Soziolekte und Sondersprachen
Sprachwissenschaftlich betrachtet ist die Jugendsprache ein Beispiel für einen Soziolekt oder genauer eine Sondersprache. Als Soziolekte bezeichnet man sprachliche Merkmale, durch die sich eine gesellschaftliche Gruppe auszeichnet. Zu der Gruppe der Sondersprachen gehören die sogenannten Gaunersprachen wie Rotwelsch und die Ausdrucksweisen von Schülern und Studenten. Zwischen Soziolekt und Funktiolekt schwanken die Berufssprachen. So sprechen Mediziner untereinander beispielsweise anders als Informatiker oder Bauarbeiter. Wir können auch typisches Behördendeutsch und wissenschaftliche Formulierungen identifizieren.
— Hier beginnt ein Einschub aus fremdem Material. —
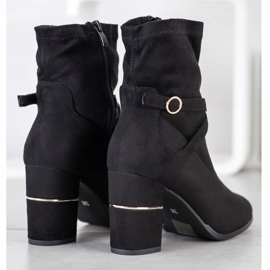 Goodin Bottes avec un insert doré le noir 3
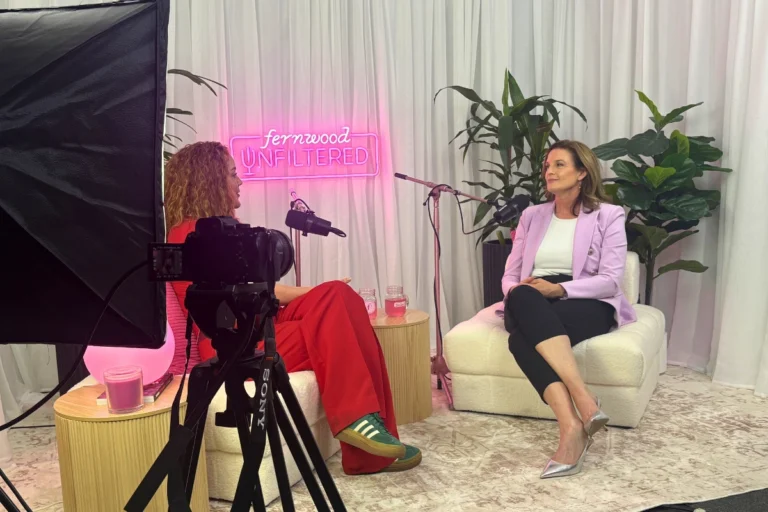 Dr Sarah Lawrence on the set of the Fernwood Unfiltered podcast by Fernwood Fitness with host Georgie Tunny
Gesellschaftliche Unterschiede in der Sprache kann man außerdem erkennen, wenn man Menschen aus unterschiedlichen Schichten vergleicht. Das berühmteste Beispiel ist die Kaufhausstudie des amerikanischen Soziolinguisten William Labov. Der Forscher besuchte Kaufhäuser mehrerer Preisklassen in New York und beschäftigte sich mit der unterschiedlichen Aussprache des Buchstaben R.
Regiolekte zwischen Dialekt und Hochdeutsch
Wie man spricht, hängt natürlich auch davon ab, wo man lebt. Schon sind wir beim Thema Dialekte. Dazu habe ich schon einen Beitrag geschrieben. Heutzutage sprechen immer mehr weniger Menschen einen ganz deutlichen, ausgeprägten Dialekt. Die Standardvarietät des Deutschen, besser bekannt als Hochdeutsch, und die Dialekte verschmelzen immer mehr. Diese Zwischenstufe bezeichnet man auch als Regiolekt. Beispiele sind die groben Einteilung des Rheinischen und das Ruhrdeutsch, also die Sprache im Ruhrgebiet.
Also lasst uns den Menschen nicht (wie im Fall des Jugendwortes) nachsagen, wie sie reden. Lasst uns lieber beobachten und analysieren, welche ebenso vielfältigen wie interessanten Unterschiede es im Sprachgebrauch wirklich gibt. Um es mit dem berühmten Zitat von Martin Luther zu sagen: „dem Volk aufs Maul schauen“.